One has to be impressed with the Petit family's tenacity insofar as their inexhaustive championing of a three strikes law for the state of Connecticut.
Dr William Petit, as most of us know, lost his wife and two daughters in a violent home invasion that occurred in Cheshire
last July. The two men who committed the murders each had over 20 felony convictions on their individual records, and were both on parole when the murders occurred, one, after serving just over a third of his original sentence!
The older of the two defendants, Steven Hayes, had a history of breaking the terms of his parole each and every time he'd been granted it. He also had numerous write ups in a recent halfway house stint the last of which resulted in his being returned to prison. Three months later he was granted parole nonetheless.
Last year, following the scrutiny of this brutal crime's aftermath, and a subsequent state-wide push for a three strikes sentencing law, there was heard a constant refrain from many democratic legislators (with judiciary committee co-chair Mike lawlor somehow always loudest and always leading the pack ) they claimed that "A three strikes law would not have prevented the Petit crimes from happening anyway had it been in existence at the time !" Albeit a moot point in the grand scheme of things, it was still only partly true and misleading at that: The crime of night time home break ins or robbery when the home owner was in the home, was not considered a violent or serious felony prior to the Petit crimes.

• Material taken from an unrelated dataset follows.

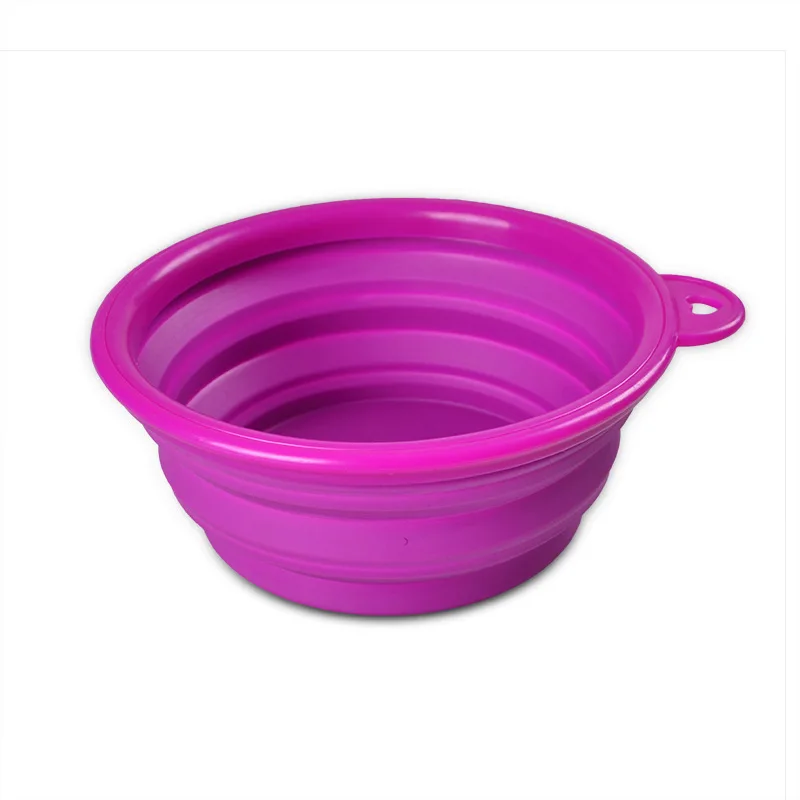 Новые товары для домашних животных силиконовая складывающаяся миска для домашних животных портативные миски для собак для еды миска для питьевой воды миски для домашних животных 8 цветов оптом - Цвет: Purple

Using common sense as a guide, it clearly should have been considering the potential for violence. But as it was, it was a felony that at that time would not qualify as a "strike" under most of the proposed versions of the various three strikes bills bandied about in last years legislative sessions.
This is pertinent because Mr Komisarjevsky, co defendant in the Petit murderers (and considered the probable mastermind of the crimes), had created for himself a specialty of sorts, committing just such break-ins, citing to police that he "didn't get a rush if people weren't home when he broke in' .
He had over 23 convictions across several counties for this type of burglary, almost all of them committed while the homeowner were home and sleeping- nonetheless in Connecticut at least it had been rather recklessly treated as a lower level non-violent felony, despite all of our hard won knowledge regarding criminal psychology and the evolution of predators.
After the Petit crimes the Connecticut General Assembly was prompted to create a new crime of "home invasion " ,which they defined as any residential break in that is committed at night, a time when presumably most people are in their homes, the thinking being that this increases
the likelihood of a confrontation and the potential for violence and loss of life is thus very high.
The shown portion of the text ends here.